Só mesmo um desatinado trocaria o fantástico filé à parmegiana do Piassi por aqueles esquálidos bifes de chorizo do Bracia Parrilla. Tivesse um pouco mais de paciência, trabalhasse um pouco mais e, principalmente tivesse estudado um pouco mais, mudaria direto para Higienópolis, um bairro muito mais parecido com São Miguel, cheio de características coincidentes, praticamente um bairro irmão. Um irmão gêmeo, tantas são as semelhanças e afinidades econômicas, sociais e culturais. Para encurtar a conversa, vamos tratar só de quatro pontos comuns entre nós: colônia, cachorros, metrô e vereadores.
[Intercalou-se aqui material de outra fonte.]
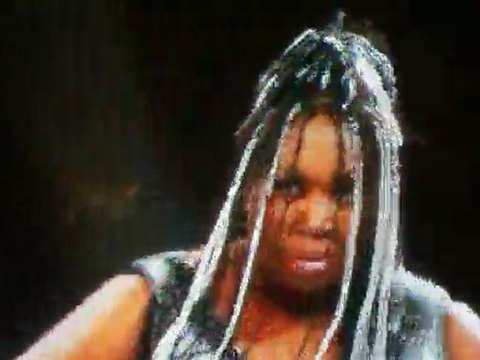 RAW-5/9/11-Eve and Kelly Kelly vs. Bella Twins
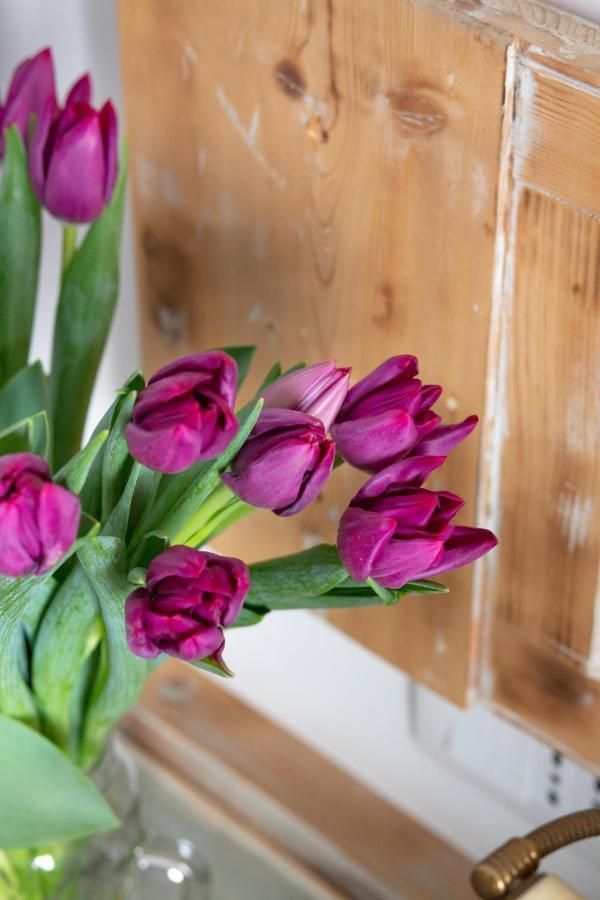 Napoli Bonita B&B Ngoại thất bức ảnh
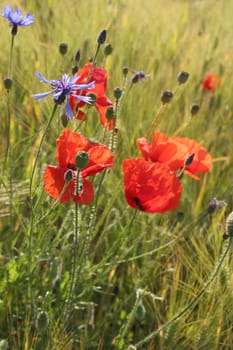 Wild meadow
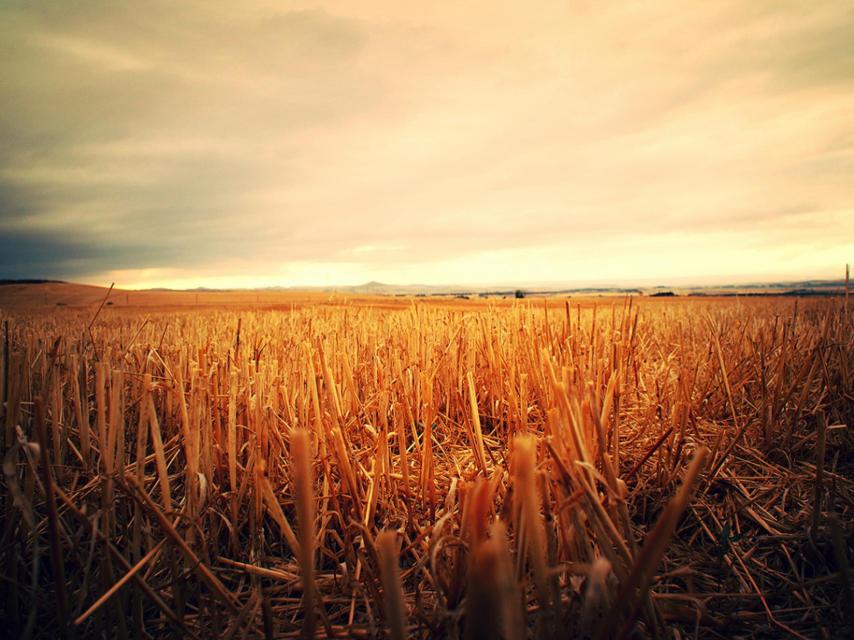 Campo de trigo en Castilla.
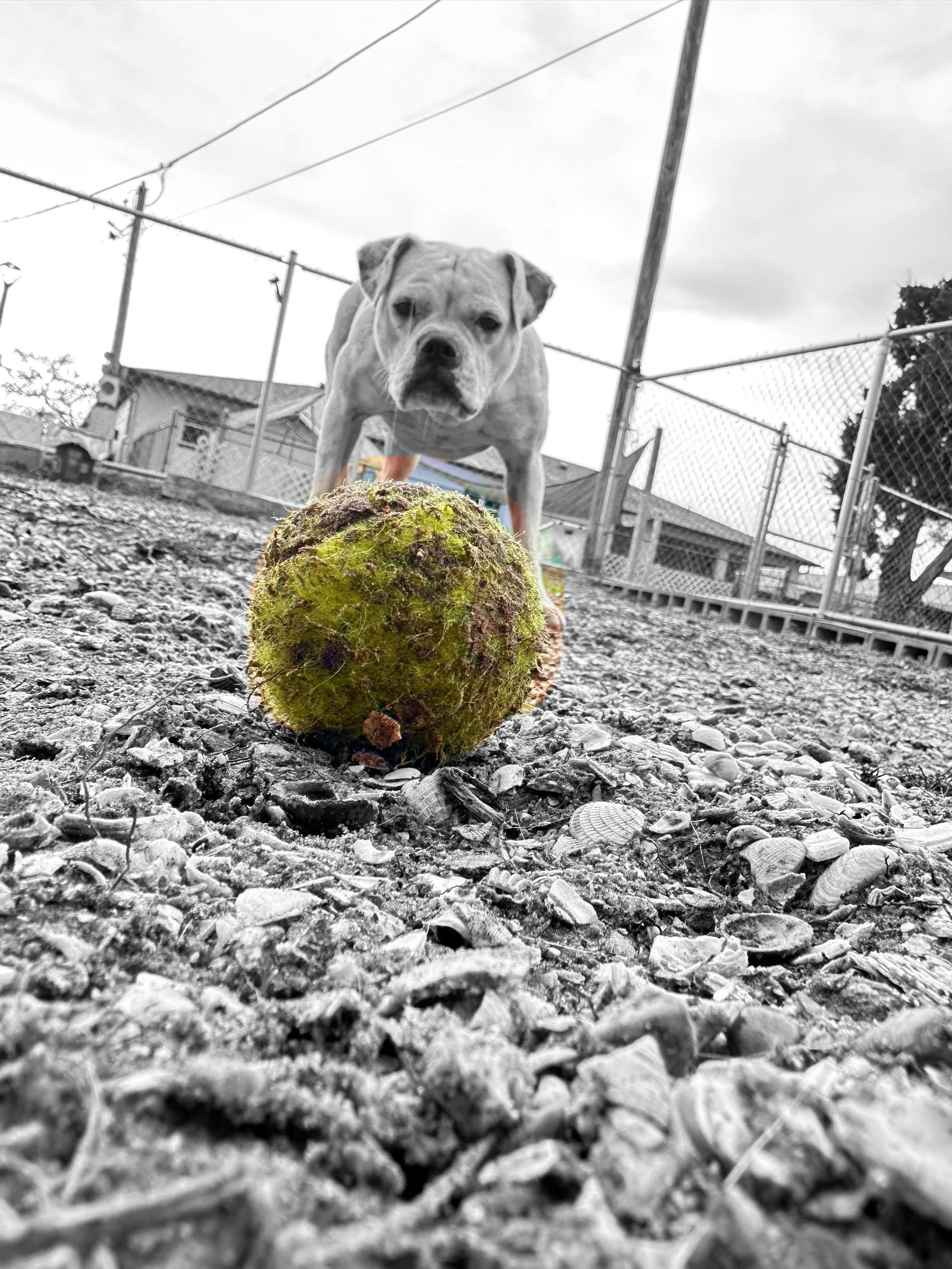 Enlarge Gaya, a Adoptable mixed breed in New Port Richey, FL image 2/6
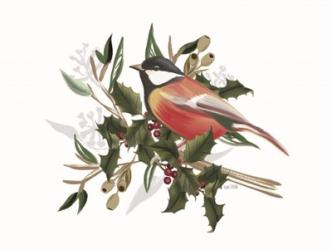 Christmas Songbird II | Obraz na stenu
Lá como cá, há uma colônia predominante, que invade as ruas com sua indumentária, sua língua, sua comida e seus costumes. Por lá, aos sábados, o preto predomina para os homens, as roupas claras e discretas para as mulheres, terninhos e vestidos bem comportados para as crianças. Por aqui, homens de bermudão cinza, camiseta regata, mulheres de top, shorts, muita barriga de fora, algumas literalmente caindo para fora e sandálias havaianas, naturalmente, legítimas. Cachorros, então, nem se fala. São os bairros com as maiores populações de caninos da cidade. Os de lá, coitados, andam sempre presos, vestidos ridiculamente, tendo que puxar uma senhora gordinha na faixa dos seus cinquenta anos, limitado entre seus apartamentos, à Praça Buenos Aires e o shopping. Desconfio que se proibissem a entrada de cachorros em shopping o de lá ia ficar mais deserto que cérebro de deputado. Já os nossos são livres, atléticos, magérrimos, passeiam todo o tempo sem precisar arrastar ninguém, comem e dormem onde e quando querem.
Também temos em comum o desapego ao metrô. Não queremos estações e trens que tragam uma gente diferenciada para junto de nós. Higienópolis não quer porque não precisa e nós não queremos por marra mesmo. Já vivemos tanto tempo sem ele e nunca fizeram um projeto em que estivéssemos contemplados com um ramalzinho sequer. E além do mais, gostamos mesmo é de um trem lotado, de um ônibus com gente pendurada, de gastar horas para atravessar a Marechal Tito. Isso favorece a socialização. Ficamos mais tempo juntos, às vezes até três horas para chegar ao Parque Dom Pedro. O ônibus cheio é a nossa praia, lugar de paquera, de fofocas, de saber da vida dos outros. É uma festa.
Quanto aos vereadores, os dois bairros não os têm. De novo, Higienópolis simplifica a questão: quando precisa aluga um. Sai mais barato e ainda não corre o risco de um dia ouvir o Datena exclamar, ao vê-lo saindo algemado da Câmara: "olha lá o vereador de Higienópolis". Nós, os são-miguelenses, não gostamos de eleger vereador. Achamos uma judiação pegar aquela montoeira de votos e votar apenas em dois ou três candidatos, mesmo que sejam residentes aqui. Costumamos dividir nossos votos entre os mil e duzentos postulantes. Combina mais com nosso espírito generoso e solidário. Ninguém, seja de onde for, fica sem voto em nossas seções; basta aparecer uma única vez em época de eleições, alugar um "puxa-saco" e este lhe garante os votos em troca de uma carteirinha de assessor ou, em casos especiais, uma vaguinha no gabinete ou na subprefeitura. Agora, se tivesse que escolher entre morar lá ou cá, ficaria mesmo com a Santa Cecília, que é exatamente a mistura dos dois.